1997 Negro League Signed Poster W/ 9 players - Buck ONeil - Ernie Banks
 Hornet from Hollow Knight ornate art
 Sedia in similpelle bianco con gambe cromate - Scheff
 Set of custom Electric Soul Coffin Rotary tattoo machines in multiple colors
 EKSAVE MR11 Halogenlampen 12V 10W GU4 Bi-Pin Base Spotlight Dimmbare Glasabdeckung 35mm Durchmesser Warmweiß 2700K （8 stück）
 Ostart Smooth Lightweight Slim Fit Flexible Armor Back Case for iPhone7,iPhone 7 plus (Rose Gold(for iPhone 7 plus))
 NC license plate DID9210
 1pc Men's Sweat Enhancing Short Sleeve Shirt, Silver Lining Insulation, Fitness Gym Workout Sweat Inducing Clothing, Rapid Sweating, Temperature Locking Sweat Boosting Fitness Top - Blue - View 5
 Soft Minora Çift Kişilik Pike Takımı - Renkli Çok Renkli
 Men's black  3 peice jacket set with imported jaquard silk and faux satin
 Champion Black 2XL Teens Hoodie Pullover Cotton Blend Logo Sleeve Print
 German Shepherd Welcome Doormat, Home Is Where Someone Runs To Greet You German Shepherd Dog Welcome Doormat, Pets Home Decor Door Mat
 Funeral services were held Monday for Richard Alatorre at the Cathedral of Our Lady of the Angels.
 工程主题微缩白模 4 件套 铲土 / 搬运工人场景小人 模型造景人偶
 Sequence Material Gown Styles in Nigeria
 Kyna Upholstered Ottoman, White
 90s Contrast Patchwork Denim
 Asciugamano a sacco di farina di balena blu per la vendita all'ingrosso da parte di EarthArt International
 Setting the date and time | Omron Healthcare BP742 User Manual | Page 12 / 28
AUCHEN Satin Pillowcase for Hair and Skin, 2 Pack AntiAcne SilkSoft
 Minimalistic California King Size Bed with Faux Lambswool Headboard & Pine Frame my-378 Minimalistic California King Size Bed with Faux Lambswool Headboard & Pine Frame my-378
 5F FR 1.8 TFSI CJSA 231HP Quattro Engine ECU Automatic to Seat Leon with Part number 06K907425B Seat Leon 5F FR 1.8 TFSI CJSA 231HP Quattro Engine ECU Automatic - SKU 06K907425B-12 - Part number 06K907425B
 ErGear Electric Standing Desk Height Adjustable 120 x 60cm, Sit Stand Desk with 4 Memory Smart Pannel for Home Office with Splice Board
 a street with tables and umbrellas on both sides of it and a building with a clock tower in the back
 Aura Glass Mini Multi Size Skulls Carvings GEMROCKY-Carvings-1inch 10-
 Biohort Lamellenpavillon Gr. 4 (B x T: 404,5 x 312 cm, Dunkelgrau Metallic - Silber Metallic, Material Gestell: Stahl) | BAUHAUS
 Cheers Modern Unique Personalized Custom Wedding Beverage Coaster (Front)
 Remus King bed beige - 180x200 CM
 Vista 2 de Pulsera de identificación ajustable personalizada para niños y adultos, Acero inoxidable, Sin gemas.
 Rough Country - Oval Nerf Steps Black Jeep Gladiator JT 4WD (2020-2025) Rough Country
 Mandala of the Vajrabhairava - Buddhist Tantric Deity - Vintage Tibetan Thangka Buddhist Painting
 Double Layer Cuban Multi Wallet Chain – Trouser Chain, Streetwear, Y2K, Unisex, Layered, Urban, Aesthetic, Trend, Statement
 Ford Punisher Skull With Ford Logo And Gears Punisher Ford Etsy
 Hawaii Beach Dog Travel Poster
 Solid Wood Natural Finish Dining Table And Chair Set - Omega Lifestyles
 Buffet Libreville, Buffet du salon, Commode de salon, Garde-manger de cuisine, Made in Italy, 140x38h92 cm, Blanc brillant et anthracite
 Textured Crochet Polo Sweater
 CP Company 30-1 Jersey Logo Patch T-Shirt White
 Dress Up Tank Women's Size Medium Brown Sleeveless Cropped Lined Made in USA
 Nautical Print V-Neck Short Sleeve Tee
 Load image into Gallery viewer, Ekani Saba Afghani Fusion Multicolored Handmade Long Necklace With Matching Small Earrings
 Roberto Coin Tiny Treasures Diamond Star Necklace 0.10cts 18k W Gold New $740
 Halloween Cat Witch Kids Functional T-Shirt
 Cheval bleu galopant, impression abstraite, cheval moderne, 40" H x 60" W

■ ■ ■ ■

## [Exercise requirements]
Repeat the lines from the one containing "Nautical Print V-Neck Short Sleeve Tee" through the end of the listing, exactly and without any other lines; both ends are included.

## [Answer space]
 Nautical Print V-Neck Short Sleeve Tee
 Load image into Gallery viewer, Ekani Saba Afghani Fusion Multicolored Handmade Long Necklace With Matching Small Earrings
 Roberto Coin Tiny Treasures Diamond Star Necklace 0.10cts 18k W Gold New $740
 Halloween Cat Witch Kids Functional T-Shirt
 Cheval bleu galopant, impression abstraite, cheval moderne, 40" H x 60" W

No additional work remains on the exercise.